His memoir, "The Confession," doesn't cheat on details the way Mary Cheney did in her recent effort, but all McGreevey's talk about integrity and "authenticity" comes up short, in the book and in person. Self-effacing and a dynamic speaker, McGreevey is at his best describing the turmoil of the closet, his own oversized ego and the ambition that came with it. He pulls few punches there. He also succeeds in describing in vivid detail the toll the closet took on him and his political ambitions — along with the political advantages he took from lessons the closet taught him about compartmentalization and portraying an image, whether "authentic" or not.

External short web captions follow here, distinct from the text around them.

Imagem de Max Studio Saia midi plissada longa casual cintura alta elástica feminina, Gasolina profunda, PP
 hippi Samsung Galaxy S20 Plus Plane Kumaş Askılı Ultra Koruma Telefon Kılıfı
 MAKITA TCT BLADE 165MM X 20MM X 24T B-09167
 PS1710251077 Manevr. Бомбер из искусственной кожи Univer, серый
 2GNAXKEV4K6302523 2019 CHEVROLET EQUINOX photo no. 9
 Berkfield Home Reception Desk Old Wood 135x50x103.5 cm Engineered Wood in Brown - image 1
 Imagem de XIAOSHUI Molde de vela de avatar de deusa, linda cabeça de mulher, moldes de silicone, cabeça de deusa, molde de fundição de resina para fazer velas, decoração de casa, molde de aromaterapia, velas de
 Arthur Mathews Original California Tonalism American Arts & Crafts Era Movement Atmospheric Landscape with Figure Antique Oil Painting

Where McGreevey loses his "authenticity" is when he describes the toll his closet took on anyone other than himself, and his double life has quite the body count. As much as he professes to have been changed by his "journey," McGreevey comes across as the same self-absorbed egotist as emerges from his book. Only now, since his most sympathetic audience is likely gays and our friends, we have become his target audience. The very people whose lives he short-changed while in power — through opposing gay marriage and even civil unions — he now milks as his cash cow.
To be sure, McGreevey offers perfunctory apologies to some of those he has wounded along the way: his two wives and two children, his parents, his advisers, his supporters, the people of New Jersey, and on and on. But very little about his actions suggests the remorseful words are "authentic." If McGreevey felt true regret for dragging his wives and families through the mud, for instance, then why do so all over again now with a high-profile book tour? The motive, of course, is financial — to the tune of a half-million-dollar book advance, according to GQ Magazine.
Another group of folks victimized by McGreevey's cowardly path to power, and equally cowardly fall, didn't even make his "apology list." So during the Q&A, I asked him whether it tarnished the image of gays generally when most Americans learn for the first time that so many prominent people are gay only when they are mired in some seedy sex scandal, whether it be McGreevey, or Mark Foley or even George Michael. Shouldn't his apology list include those gay people who have had the courage to risk their own ambition to live openly and authentically, only to be dragged through McGreevey's mud by association?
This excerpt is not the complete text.